- Try it
Where the line containing "Antique 1910s Tobacco" appears, end your copy; everything from the first line of the records below up to and including it must be reproduced exactly.
-- Opening Marker --
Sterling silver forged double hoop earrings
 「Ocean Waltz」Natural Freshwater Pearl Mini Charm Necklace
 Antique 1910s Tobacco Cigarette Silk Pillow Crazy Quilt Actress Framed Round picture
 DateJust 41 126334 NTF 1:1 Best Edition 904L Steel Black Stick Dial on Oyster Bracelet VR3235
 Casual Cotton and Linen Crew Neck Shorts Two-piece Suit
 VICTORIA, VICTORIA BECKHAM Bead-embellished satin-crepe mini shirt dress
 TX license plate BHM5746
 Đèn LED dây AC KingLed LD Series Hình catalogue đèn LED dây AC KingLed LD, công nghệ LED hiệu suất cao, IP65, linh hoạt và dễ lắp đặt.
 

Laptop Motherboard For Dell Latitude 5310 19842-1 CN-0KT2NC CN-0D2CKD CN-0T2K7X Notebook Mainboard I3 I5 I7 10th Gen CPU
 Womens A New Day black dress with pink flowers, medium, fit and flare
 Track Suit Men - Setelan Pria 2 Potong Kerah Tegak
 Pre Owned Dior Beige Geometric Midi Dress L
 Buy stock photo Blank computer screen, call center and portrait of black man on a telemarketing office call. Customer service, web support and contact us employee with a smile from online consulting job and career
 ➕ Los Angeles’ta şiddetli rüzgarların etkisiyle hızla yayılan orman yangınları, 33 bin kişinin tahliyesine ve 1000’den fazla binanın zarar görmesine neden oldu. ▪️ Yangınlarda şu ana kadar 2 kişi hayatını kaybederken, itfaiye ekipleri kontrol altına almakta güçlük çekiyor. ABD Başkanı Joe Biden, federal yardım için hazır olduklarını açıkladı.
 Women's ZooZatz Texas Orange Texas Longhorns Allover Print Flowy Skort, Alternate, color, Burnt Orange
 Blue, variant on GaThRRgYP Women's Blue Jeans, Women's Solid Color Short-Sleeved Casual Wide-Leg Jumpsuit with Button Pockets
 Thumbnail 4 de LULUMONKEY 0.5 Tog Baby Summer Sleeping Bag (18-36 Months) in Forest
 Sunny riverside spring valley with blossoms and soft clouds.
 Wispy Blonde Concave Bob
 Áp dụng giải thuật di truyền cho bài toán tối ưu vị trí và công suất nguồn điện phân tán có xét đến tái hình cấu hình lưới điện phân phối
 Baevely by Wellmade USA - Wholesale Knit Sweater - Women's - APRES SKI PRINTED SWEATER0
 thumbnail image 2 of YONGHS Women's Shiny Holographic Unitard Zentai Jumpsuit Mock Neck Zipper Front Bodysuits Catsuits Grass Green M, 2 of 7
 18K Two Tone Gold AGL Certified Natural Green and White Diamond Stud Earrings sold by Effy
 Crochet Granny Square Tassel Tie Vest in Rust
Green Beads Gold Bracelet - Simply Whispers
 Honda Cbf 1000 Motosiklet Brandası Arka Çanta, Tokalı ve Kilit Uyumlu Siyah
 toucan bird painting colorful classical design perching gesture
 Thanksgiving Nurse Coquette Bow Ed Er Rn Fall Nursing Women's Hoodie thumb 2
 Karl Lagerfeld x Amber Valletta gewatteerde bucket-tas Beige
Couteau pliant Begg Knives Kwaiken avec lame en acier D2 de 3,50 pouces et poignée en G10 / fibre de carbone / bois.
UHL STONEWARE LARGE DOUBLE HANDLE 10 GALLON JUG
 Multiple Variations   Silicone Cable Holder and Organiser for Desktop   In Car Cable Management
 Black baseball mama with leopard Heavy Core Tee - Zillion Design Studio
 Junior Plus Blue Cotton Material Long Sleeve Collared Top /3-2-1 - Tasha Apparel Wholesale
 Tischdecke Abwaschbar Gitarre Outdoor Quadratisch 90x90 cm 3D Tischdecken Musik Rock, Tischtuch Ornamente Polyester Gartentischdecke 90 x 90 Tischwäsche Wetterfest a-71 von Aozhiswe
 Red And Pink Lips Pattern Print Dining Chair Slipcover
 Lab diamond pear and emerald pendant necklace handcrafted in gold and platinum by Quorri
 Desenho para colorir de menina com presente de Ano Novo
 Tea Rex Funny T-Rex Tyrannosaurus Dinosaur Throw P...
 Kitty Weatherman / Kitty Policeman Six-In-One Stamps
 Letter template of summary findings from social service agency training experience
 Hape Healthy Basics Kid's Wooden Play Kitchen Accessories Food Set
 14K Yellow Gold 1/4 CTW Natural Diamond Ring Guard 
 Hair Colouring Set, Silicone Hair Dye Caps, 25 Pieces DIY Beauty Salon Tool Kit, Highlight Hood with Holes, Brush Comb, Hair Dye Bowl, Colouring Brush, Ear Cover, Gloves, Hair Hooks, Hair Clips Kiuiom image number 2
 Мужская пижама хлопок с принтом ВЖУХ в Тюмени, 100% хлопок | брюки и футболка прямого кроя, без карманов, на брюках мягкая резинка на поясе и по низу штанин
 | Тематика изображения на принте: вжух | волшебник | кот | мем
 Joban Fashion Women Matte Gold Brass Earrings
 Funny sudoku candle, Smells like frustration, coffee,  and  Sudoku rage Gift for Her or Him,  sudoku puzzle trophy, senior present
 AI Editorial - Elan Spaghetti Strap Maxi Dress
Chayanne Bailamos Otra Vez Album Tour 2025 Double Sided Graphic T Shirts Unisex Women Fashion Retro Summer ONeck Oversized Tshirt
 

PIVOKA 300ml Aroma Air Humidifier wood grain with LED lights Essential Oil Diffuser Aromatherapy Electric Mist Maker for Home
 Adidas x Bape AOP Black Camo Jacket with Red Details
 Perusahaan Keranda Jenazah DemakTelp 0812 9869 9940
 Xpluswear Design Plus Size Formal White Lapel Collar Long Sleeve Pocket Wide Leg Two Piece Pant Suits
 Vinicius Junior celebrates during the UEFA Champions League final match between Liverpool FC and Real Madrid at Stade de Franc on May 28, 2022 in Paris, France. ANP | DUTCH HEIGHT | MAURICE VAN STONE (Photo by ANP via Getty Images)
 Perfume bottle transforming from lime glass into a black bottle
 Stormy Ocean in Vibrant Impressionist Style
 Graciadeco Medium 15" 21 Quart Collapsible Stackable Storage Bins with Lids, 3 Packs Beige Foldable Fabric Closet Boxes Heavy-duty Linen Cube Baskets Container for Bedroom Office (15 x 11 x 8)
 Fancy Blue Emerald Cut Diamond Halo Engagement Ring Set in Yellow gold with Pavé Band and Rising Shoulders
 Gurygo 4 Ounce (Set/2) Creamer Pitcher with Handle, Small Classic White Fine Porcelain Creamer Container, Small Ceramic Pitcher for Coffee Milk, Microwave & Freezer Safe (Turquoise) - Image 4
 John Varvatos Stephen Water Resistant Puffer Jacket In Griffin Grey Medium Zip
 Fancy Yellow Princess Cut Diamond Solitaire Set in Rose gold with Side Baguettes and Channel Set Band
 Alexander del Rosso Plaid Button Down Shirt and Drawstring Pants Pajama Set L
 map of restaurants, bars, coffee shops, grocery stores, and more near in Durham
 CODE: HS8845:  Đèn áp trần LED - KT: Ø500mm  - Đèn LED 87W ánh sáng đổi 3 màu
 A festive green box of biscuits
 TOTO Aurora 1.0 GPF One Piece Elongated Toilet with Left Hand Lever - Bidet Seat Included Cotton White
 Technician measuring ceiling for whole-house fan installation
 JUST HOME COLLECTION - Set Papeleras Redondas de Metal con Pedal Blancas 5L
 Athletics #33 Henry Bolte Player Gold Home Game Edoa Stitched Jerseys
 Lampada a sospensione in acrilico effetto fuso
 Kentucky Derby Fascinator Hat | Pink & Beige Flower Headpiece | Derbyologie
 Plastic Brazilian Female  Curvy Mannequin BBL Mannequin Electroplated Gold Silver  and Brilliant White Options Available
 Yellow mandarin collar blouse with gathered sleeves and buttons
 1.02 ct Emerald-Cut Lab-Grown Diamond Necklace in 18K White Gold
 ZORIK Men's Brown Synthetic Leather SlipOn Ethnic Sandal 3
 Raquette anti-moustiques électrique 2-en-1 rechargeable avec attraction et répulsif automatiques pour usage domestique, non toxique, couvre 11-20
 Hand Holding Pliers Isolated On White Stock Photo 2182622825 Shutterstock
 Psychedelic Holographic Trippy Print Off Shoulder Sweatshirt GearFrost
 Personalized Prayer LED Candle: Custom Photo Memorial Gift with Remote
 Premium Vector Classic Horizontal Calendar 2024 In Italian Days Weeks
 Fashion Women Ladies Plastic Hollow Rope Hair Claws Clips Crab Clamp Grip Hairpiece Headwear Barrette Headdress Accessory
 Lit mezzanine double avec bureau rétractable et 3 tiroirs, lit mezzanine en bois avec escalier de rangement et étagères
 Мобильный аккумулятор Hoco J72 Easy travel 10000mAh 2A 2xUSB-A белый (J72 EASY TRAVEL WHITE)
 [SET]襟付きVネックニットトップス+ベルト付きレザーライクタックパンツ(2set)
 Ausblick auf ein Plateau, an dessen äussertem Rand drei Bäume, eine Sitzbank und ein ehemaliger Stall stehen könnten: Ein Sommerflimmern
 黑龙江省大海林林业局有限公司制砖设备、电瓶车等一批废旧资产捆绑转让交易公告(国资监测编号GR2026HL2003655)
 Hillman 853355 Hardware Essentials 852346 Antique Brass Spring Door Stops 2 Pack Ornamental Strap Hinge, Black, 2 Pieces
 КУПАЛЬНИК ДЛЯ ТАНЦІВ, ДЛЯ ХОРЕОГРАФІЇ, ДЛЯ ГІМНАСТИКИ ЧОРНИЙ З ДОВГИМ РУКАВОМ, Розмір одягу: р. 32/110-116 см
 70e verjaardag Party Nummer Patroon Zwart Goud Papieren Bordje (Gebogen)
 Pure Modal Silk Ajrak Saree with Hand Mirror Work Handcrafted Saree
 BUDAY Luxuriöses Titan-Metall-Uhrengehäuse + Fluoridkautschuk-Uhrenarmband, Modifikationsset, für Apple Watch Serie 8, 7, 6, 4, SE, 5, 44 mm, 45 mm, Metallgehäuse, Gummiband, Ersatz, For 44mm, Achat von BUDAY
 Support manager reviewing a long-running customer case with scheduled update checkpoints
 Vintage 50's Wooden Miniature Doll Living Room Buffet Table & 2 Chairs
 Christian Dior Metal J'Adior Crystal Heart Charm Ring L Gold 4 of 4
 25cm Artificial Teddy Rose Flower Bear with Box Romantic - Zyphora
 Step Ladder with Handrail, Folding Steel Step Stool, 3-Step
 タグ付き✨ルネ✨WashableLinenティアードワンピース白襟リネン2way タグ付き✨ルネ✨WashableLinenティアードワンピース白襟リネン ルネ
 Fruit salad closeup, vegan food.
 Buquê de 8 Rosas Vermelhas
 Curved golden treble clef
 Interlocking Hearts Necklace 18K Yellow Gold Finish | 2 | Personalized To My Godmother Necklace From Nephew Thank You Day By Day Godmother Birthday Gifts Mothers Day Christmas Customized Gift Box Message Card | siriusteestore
-- Closing Marker --
- Result for this exercise
Sterling silver forged double hoop earrings
 「Ocean Waltz」Natural Freshwater Pearl Mini Charm Necklace
 Antique 1910s Tobacco Cigarette Silk Pillow Crazy Quilt Actress Framed Round picture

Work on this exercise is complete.